> _EXERCISE DATA_
=== Begin Enclosure ===

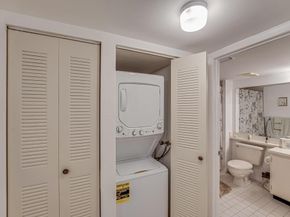 3146 Via Poinciana 203, Lake Worth FL 33467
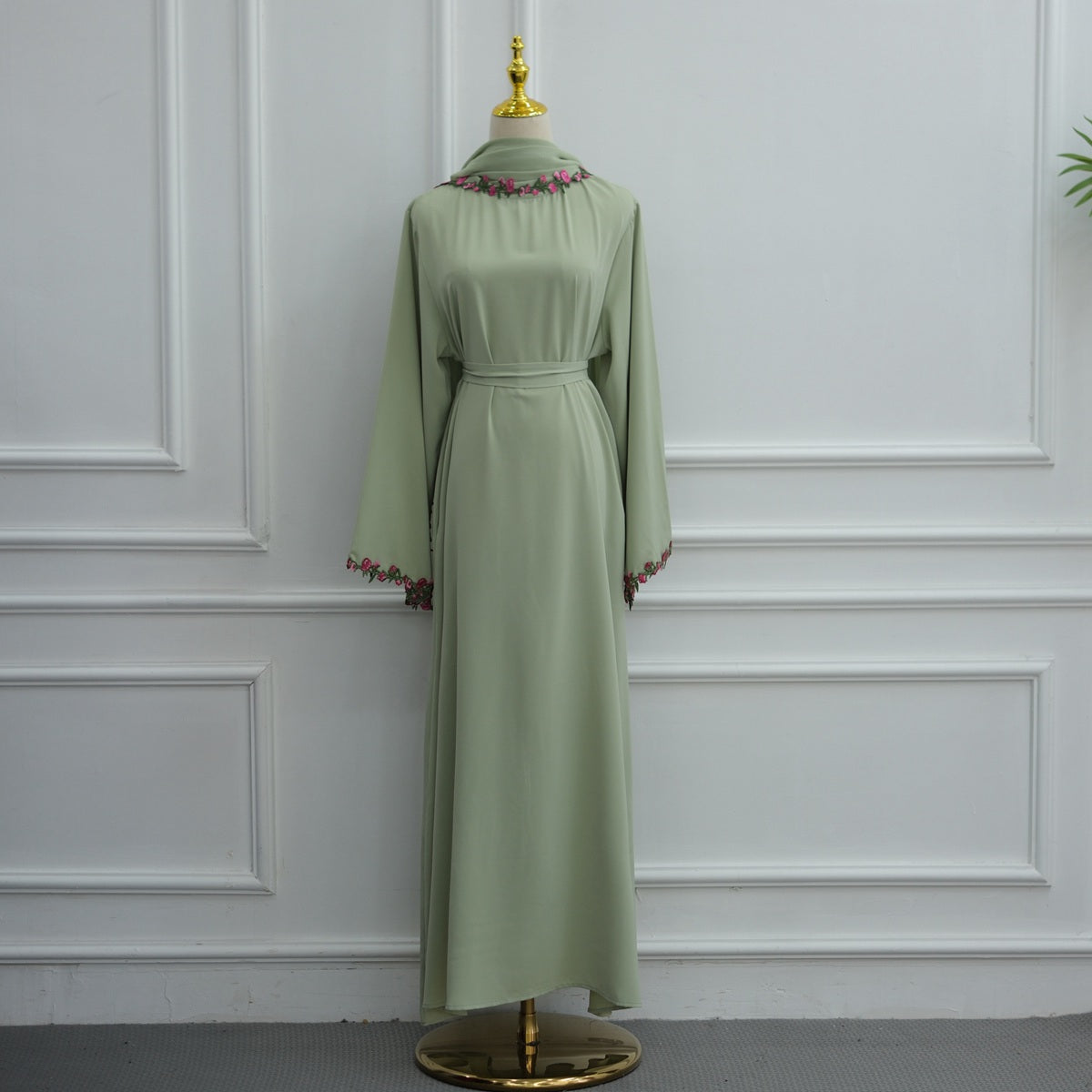 Muslim Women Nida Abaya Dress With A Laced Matching Hijab #261355 – Urgarment
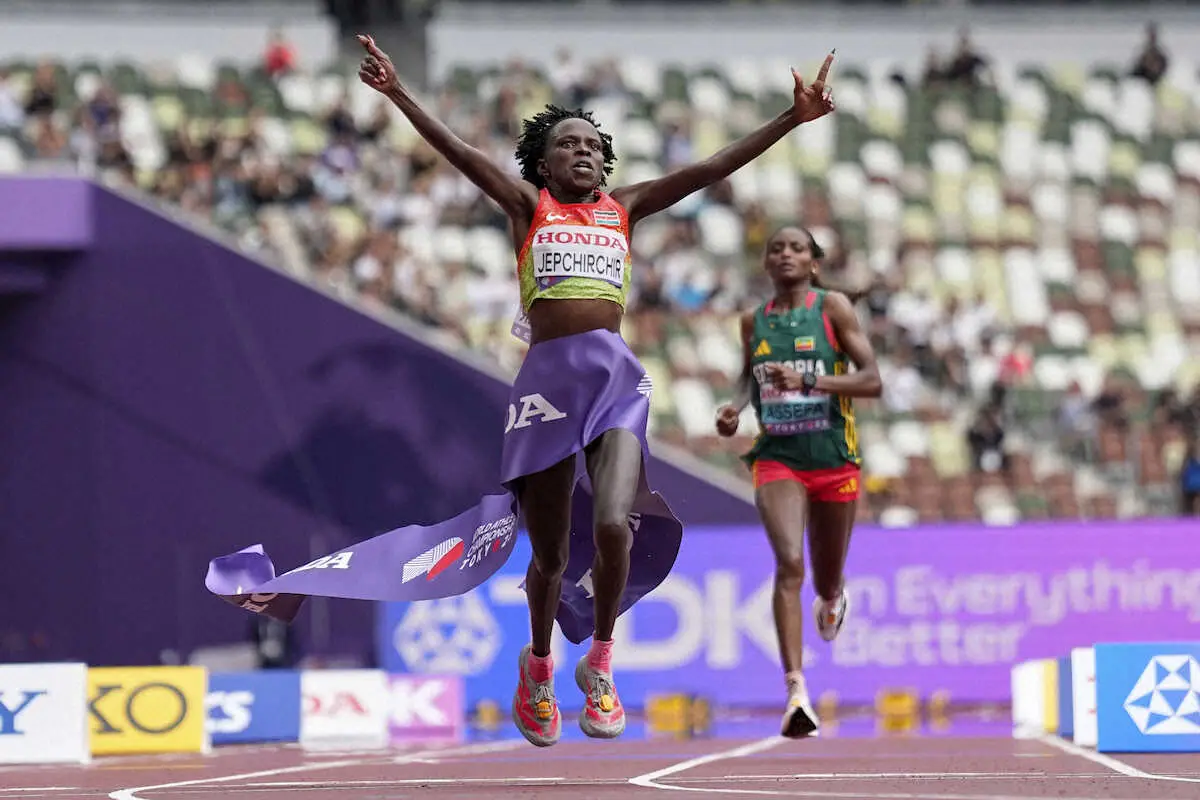【画像・写真】【世界陸上】女子マラソンVジェプチルチル「凄く暑くて大変でした」スプリント勝負制し東京五輪に続く金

=== End Enclosure ===

> _WHAT IS NEEDED_
Restate verbatim the lines that begin at the one holding "Muslim Women Nida" and end at the last line of the material. Exclude pictures.

> _WRITTEN RESPONSE_
 Muslim Women Nida Abaya Dress With A Laced Matching Hijab #261355 – Urgarment
【画像・写真】【世界陸上】女子マラソンVジェプチルチル「凄く暑くて大変でした」スプリント勝負制し東京五輪に続く金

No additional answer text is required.